Years ago there lived in Crossbrig a
smith of the name of MacEachern. This man had an only child, a boy of
about thirteen or fourteen years of age, cheerful, strong, and healthy.
All of a sudden he fell ill, took to his bed, and moped whole days away.
No one could tell what was the matter with him, and the boy himself could
not, or would not, tell how he felt. He was wasting away fast; getting
thin, old, and yellow; and his father and all his friends were afraid that
he would die.
At last one day, after the boy had
been lying in this condition for a long time, getting neither better nor
worse, always confined to bed, but with an extraordinary appetite, —one
day, while sadly revolving these things, and standing idly at his forge,
with no heart to work, the smith was agreeably surprised to see an old
man, well known to him for his sagacity and knowledge of out-of-the-way
things, walk into his workshop. Forthwith he told him the Occurrence which
had clouded his life.
The old man looked grave as he
listened; and after sitting a long time pondering over all he had heard,
gave his opinion thus—"It is not your son you have got. The boy has been
carried away by the ‘Daoine Sith,’ and they have left a Sibhreach
in his place." "Alas! and what then am I to do?" said the smith.

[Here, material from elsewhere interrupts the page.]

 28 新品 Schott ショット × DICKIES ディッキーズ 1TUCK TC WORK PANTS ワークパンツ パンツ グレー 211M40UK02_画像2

"How am I ever to see my own son again?" "I will tell you how," answered
the old man. "But, first, to make sure that it is not your own son you
have got, take as many empty egg-shells as you can get, go with them into
the room, spread them out carefully before his sight, then proceed to draw
water with them, carrying them two and two in your hands as if they were a
great weight, and arrange when full, with every sort of earnestness, round
the fire." The smith accordingly gathered as many broken egg-shells as he
could get, went into the room, and proceeded to carry out all his
instructions.
He had not been long at work before
there arose from the bed a shout of laughter, and the voice of the seeming
sick boy exclaimed, "I am now 800 years of age, and I have never seen the
like of that before."
The smith returned and told the old
man. "Well, now," said the sage to him, "did I not tell you that it was
not your son you had: your son is in Brorra-cheill in a digh there (that
is, a round green hill frequented by fairies). Get rid as soon as possible
of this intruder, and I think I may promise you your son.
"You must light a very large and
bright fire before the bed on which this stranger is lying. He will ask
you, ‘What is the use of such a fire as that?’ Answer him at once, ‘You
will see that presently!’ and then seize him, and throw him into the
middle of it. If it is your own son you have got, he will call out to save
him; but if not, this thing will fly through the roof."

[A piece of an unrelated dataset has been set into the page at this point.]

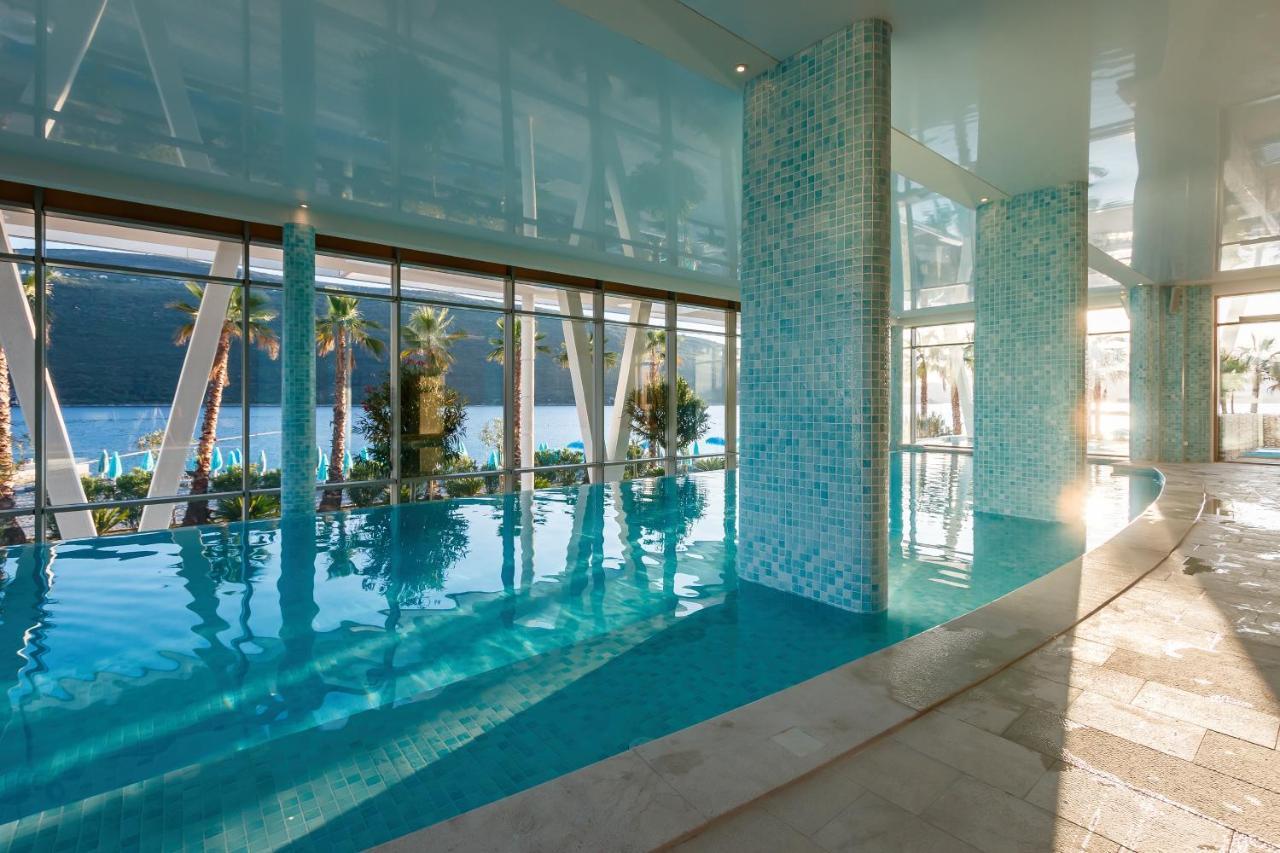 Carine Hotel Kumbor Superior Herceg Novi Buitenkant foto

The smith again followed the old
man’s advice; kindled a large fire, answered the question put to him as he
had been directed to do, and seizing the child flung him in without
hesitation. The "Sibhreach" gave an awful yell, and sprung through the
roof, where a hole was left to let the smoke out.
On a certain night the old man told
him the green round hill, where the fairies kept the boy, would be open.
And on that night the smith, having provided himself with a Bible, a dirk,
and a crowing cock, was to proceed to the hill. He would hear singing and
dancing and much merriment going on, but he was to advance boldly; the
Bible he carried would be a certain safeguard to him against any danger
from the fairies. On entering the hill he was to stick the dirk in the
threshold, to prevent the hill from closing upon him; "and then,"
continued the old man, "on entering you will see a spacious apartment
before you, beautifully clean, and there, standing far within, working at
a forge, you will also see your own son. When you are questioned, say you
come to seek him, and will not go without him."
Not long after this the time came
round, and the smith sallied forth, prepared as instructed. Sure enough,
as he approached the hill, there was a light where light was seldom seen
before. Soon after a sound of piping, dancing, and joyous merriment
reached the anxious father on the night wind.
Overcoming every impulse to fear,
the smith approached the threshold steadily, stuck the dirk into it as
directed, and entered. Protected by the Bible he carried on his breast,
the fairies could not touch him; but they asked him with a good deal of
displeasure, what he wanted there. He answered, "I want my son, whom I see
down there, and will not go without him."
Upon hearing this the whole company
before him gave a loud laugh, which wakened up the cock he carried dozing
in his arms, who at once leaped up on his shoulders, clapped his wings
lustily, and crowed loud and long.
The fairies, incensed, seized the
smith and his son, and, throwing them out of the hill, flung the dirk
after them, and in an instant all was dark.
For a year and a day the boy never
did a turn of work, and hardly ever spoke a word; but at last one day,
sitting by his father and watching him finishing a sword he was making for
some chief, and which he was very particular about, he suddenly exclaimed,
"That is not the way to do it;" and, taking the tools from his father’s
hands, he set to work himself in his place, and soon fashioned a sword the
like of which was never seen in the country before.
From that day the young man wrought
constantly with his father, and became the inventor of a peculiarly fine
and well-tempered weapon, the making of which kept the two smiths, father
and son, in constant employment, spread their fame far and wide, and gave
them the means in abundance, as they before had the disposition, to live
content with all the world and very happily with one another.